Once we build tools to characterize more complex, in-the-wild human behaviors, we will be better equipped to revisit the simulation debate and evaluate if LLMs can faithfully capture said behaviors. When conducting human experiments, we are often left wondering if theories that describe the pattern of findings in a particular experiment have any explanatory power beyond the lab setup. With LLMs, we can actually evaluate this quantitatively: we can test if models that are optimized to recapitulate behavior in laboratory tasks can also predict behavior in more naturalistic settings.
This is a key benefit afforded by LLMs, compared to previous classes of cognitive models; they can produce much more open-ended outputs (i.e. anything that can be expressed in natural language). So the same model that is optimized to match the distribution of behavior in binary choice lab experiments (through fine-tuning, prompting, scaffolding within a larger system, or any combination of these interventions) can also be used to simulate how people make more open-ended decisions. Given everything we’ve observed about AI progress, it seems within reason that a model could eventually predict with a high degree of accuracy human decisions in forced-choice laboratory experiments: the more interesting question is if this model could capture behavior in other classes of decision problems. Examining this necessitates finding more naturalistic behavioral datasets for this final evaluative step of checking agreement between model and human behavior - conversational traces from social media datasets could serve as one potential trove.
If we’re dealing with more open-ended forms of data and can’t use traditional metrics, how do we compare open-ended LLM simulations to ground-truth human behavioral data? LLMs can again be part of the solution: the same pipeline for characterizing structure in human behavior can be repurposed to characterize structure in simulator outputs, allowing for direct comparisons.

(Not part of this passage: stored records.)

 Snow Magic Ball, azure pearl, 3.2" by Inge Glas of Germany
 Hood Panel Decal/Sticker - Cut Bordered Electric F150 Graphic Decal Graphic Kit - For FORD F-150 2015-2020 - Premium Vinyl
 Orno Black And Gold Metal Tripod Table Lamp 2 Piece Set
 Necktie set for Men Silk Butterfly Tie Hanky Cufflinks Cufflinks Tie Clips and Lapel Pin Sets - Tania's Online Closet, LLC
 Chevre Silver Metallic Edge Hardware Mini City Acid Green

Here, we’re drawing a distinction between verifiable and measurable: while measuring agreement between open-ended human behavior and agent simulations is not generally something that can be reduced to a single standardized metric, it is still possible to instrument it with rigor and quantitative precision. Of course, this still requires careful craftsmanship on the part of the (human) scientist, e.g. by identifying a suitable dependent variable, clearly operationalizing a definition of similarity with respect to that dependent variable, providing high-quality example annotations, and validating that LLM judgements actually align with experimenter-defined criteria.
In a recent essay, Hiranya Peiris made the case that the advent of LLMs in scientific practice is not actually creating qualitatively new problems, but rather exposing longstanding ones. Issues such as the explosion of low quality papers and the scientific shallowness of “data science for x” approaches have existed long before LLMs burst onto the scene. A similar dynamic is emerging in the discourse around LLM for simulating human behavior: we are rediscovering core methodological problems that social science has been grappling with for decades.

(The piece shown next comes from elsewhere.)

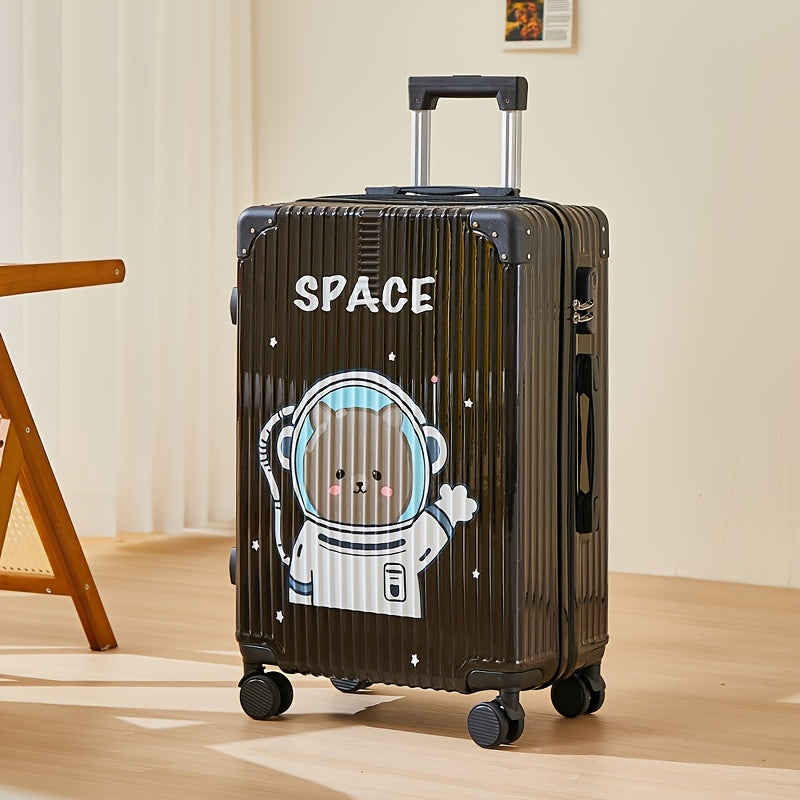 Fashion Graffiti 24-Inch Large Capacity Luggage with Spinner Wheels, TSA Lock, and Retractable Iron Handle - Durable PC+ABS Hard Shell, Zipper Closure, Black\u002FWhite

There is one (bleak) future in which the use of LLMs for simulation leads us to “squeeze more predictive juice out of flawed theories and inadequate paradigms”, as put vividly by Sayash Kapoor and Arvind Narayanan. But I think there is reason for optimism, because these tools fundamentally extend what is measurable and therefore expand the types of questions we can ask about complex behavioral datasets. AI could fulfill its promise of transforming social science - if viewed not merely as a way to scale up what’s been done, but rather to measure what we never could before.